Channel 4 News has also obtained documents which suggest that almost 100,000 people were unaccounted for at the end of the conflict.
Sri Lankan Government records show that, in 2008, 430,000 people were living in the northern area of Sri Lanka most affected by the civil war. After the chaos of the final few months of war, the Government moved civilians into camps - but UN figures mark only 290,000 held there. The whereabouts of the 100,000 or so remaining is unknown.

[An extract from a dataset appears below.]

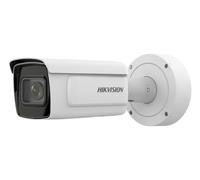 Hikvision iDS-2CD7A86G0-IZHSY(8-32mm)(C) Pallottola (forma) Telecamera di sicurezza IP Interno e esterno 3840 x 2160 Pixel Soffitto/muro [IDS-2CD7A86G0-IZHSY(8-32M]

Many people are still searching for their families. Others want justice: including Dr Manoharan, who saw his son killed by security forces in 2006. He told Channel 4 News he had been searching for justice for his son, and all the other victims in Sri Lanka, ever since.
'War crimes' report
On Thursday, the UN will publish a report into the final months of the Sri Lanka war. The report, which has already been leaked, is expected to point to "crimes against humanity" which, if proven, suggest a "grave assault" on international law.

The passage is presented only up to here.